Page 82 of The Final Straw

"What do you wanna do, Kipp? I'm here, no matter what," Ollie says softly.

"I don't know yet. I need to think and process."

We head home, picking up some sandwiches from Jimmy John's on the way. Back at Ollie's place, we eat in relative silence, the weight of the morning still hanging over us. We talk about anything and everything, trying to distract ourselves from the harsh reality.

But then Van clears his throat, drawing our attention. "I think it's time, now that the trial is over and things will start to settle down for us, to talk about our future. My future with you, Ollie."

Ollie's eyes widen, her breath catching. "Okay," she whispers. "Let's talk."

Chapter 40

Olivia

Van's words hit me like a freight train. My heart stops, then races like it’s trying to win a marathon. I can't handle it if he wants to end this. I won't handle it. I send a silent prayer upwards, begging whoever might be listening not to let this be the moment the other shoe drops.

"I was hesitant about this whole thing," Van admits, his voice wavering. "I'm still not totally sure how it’s going to work long-term."

I feel tears pricking at the corners of my eyes, threatening to spill over. My breath catches in my throat, and my mind races with the implications of his words. But then he looks at me, his eyes softening.

"But I want to keep trying. Stay with you, no matter how that looks. I love you."

His confession washes over me, and the tears finally break free. "I love you," I manage to say. "Always have, always will. I want this to work, and as long as we keep talking and stay open, it can and will work. I know it will."

Kipp and Grady exchange a glance before Kipp speaks. "This is it for us as well. It’s up to you and Van. What do you want?"

I smile through my tears, overwhelmed by the love and support in the room. "I want this so bad. I want all of you. I love you. Each of you. Different, but the same. It's hard to put into words, but I want to be with all of you."

Van nods, his face showing a mix of relief and determination. "It will be a learning curve, and I can't guarantee there won't be jealousy, but we can work through it."

Grady and Kipp surprise the hell out of me. "We should look for a place for us all to live. No point in staying in three different places. It will put us all to the test and we’ll know for sure if we can work as a family unit."

"What about your house?" I ask Kipp.

"It's just a house," he responds with a shrug. "We can sell it, rent it. I don't care. I just want to be where you are."

Van, ever the cautious one, blushes slightly. "Can we do a trial for a few months? I’d hate to give up our places, and God forbid something happens."

“I agree. While I don’t want to doom or have negative thoughts about us, I’d rather be safe than sorry.” I smile softly.

They nod in agreement, and Kipp smiles warmly. "You can stay with us at our place since it is the biggest and we have room for each of you to keep your stuff."

One week later, we’re moving into Kipp and Grady’s house.
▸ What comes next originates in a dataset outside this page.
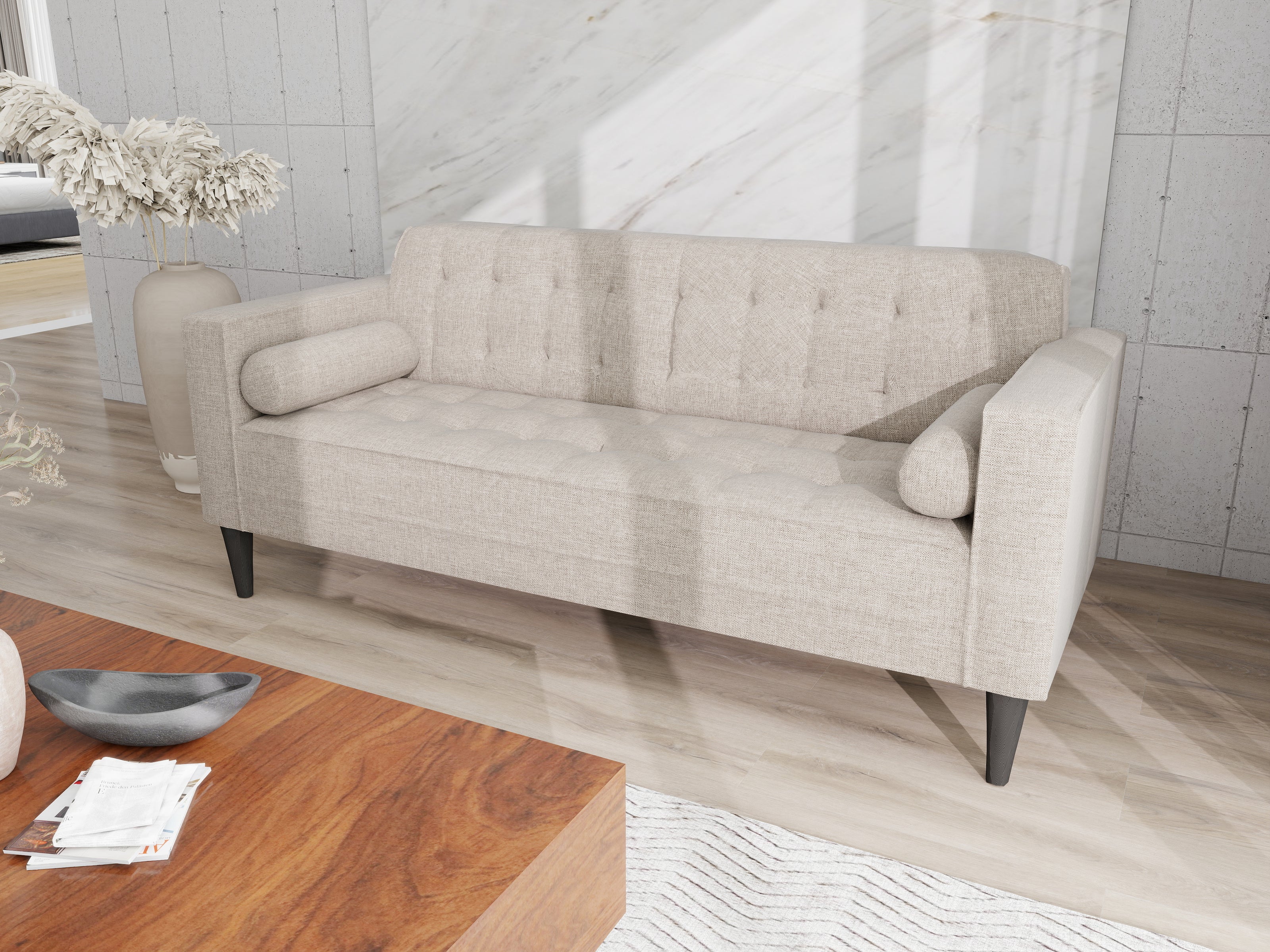 Slate Harmony — Urban Oasis Curated Furniture Package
Their place is beautiful, so I have no complaints and it has enough space for all of us to have our own rooms and still come together comfortably in the common areas. Boxes are strewn everywhere, and the house buzzes with the chaotic energy of a new beginning.

Van carries a box labeled ’Books’, his eyes scanning the room as he finds a spot to set it down before he grabs another labeled with his name and disappears. I watch him, my heart swelling with love and gratitude. Despite his initial reservations, he’s here, making this commitment with us.
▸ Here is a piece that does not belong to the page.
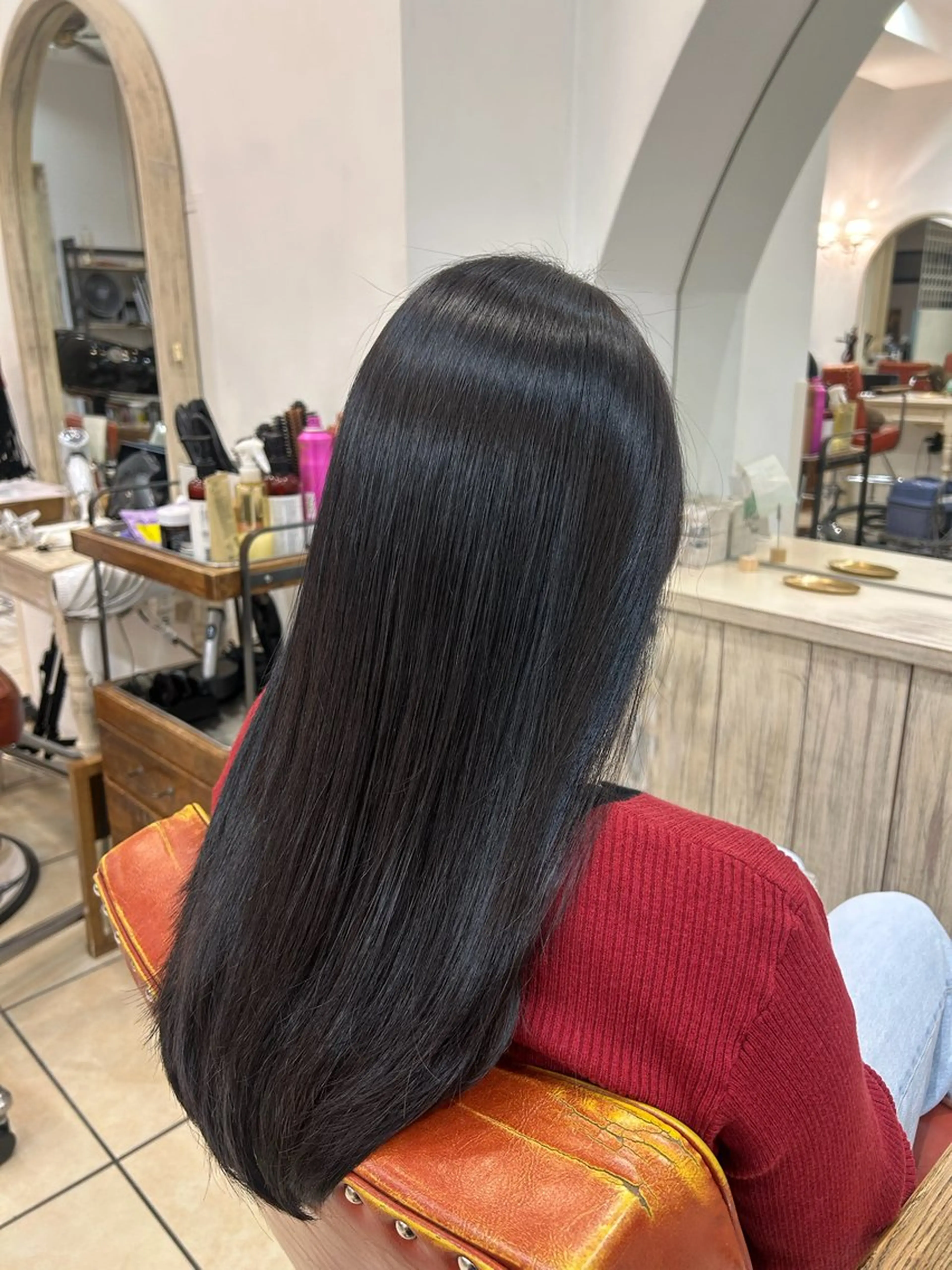 ロング トリートメント 梓真💐 モデル様大募集中🎀のヘアスタイル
Kipp is in the kitchen, organizing the pantry with military precision. "Can you believe this is happening?" he asks Grady, who’s busy assembling a bookshelf at the kitchen table.

"I know," Grady replies with a grin. "It feels surreal, but in a good way."
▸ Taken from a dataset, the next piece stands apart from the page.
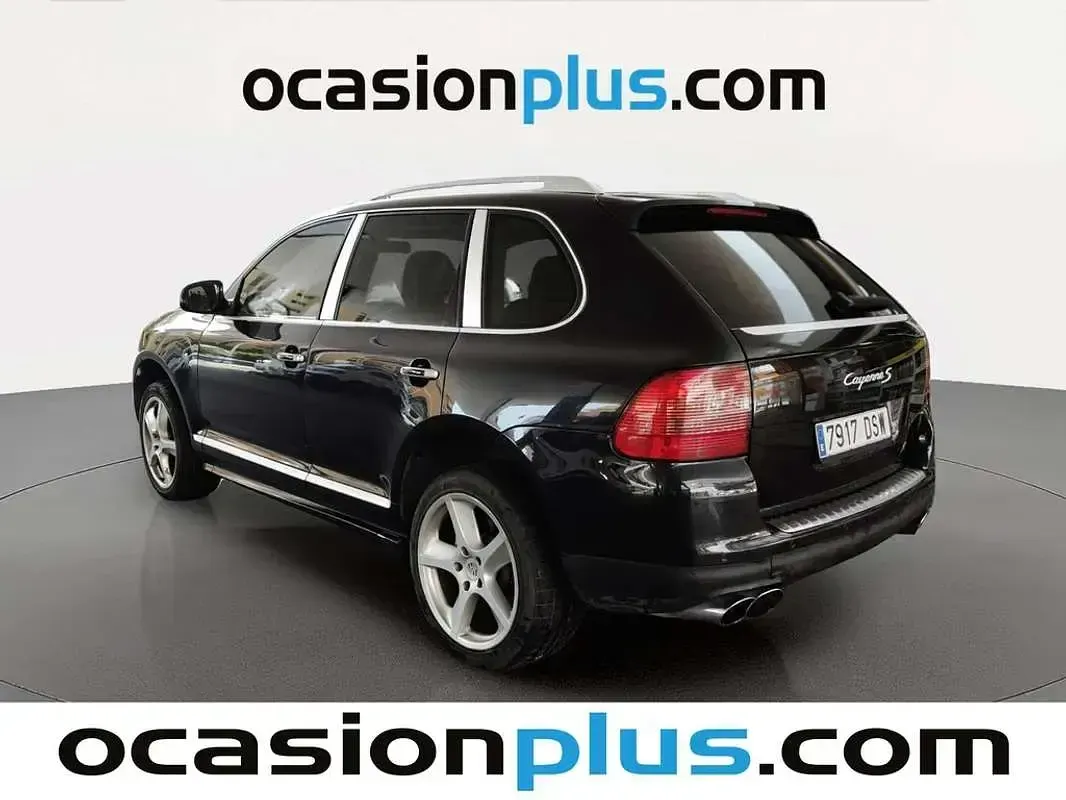 Usado Porsche Cayenne 340 CV (250 kW) 2005 Negro SUV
I head to the bedroom I’ve claimed as mine, even though I plan to sleep with them in one of the rooms they’re in each night. I have no desire or plans to sleep alone. I’m unpacking clothes and trying to make the space feel like home; even though, for me, it’s going to be more like a huge walk-in closet and storage. The walls are a neutral color, but I’ve already started thinking about how I can personalize it with art and photos of us.

I stumble upon a plant packed in a box with some other little knick-knacks and grab it, carrying it to Van’s room. "I brought this for your room," I say, smiling. "I thought it might add some life."

"Perfect," he says, taking the plant from me and placing it on the windowsill. "It’s beautiful, just like you."

I blush and step closer, wrapping my arms around his waist. "I’m so happy we’re doing this," I murmur against his shoulder.

"Me too," he replies, holding me tight.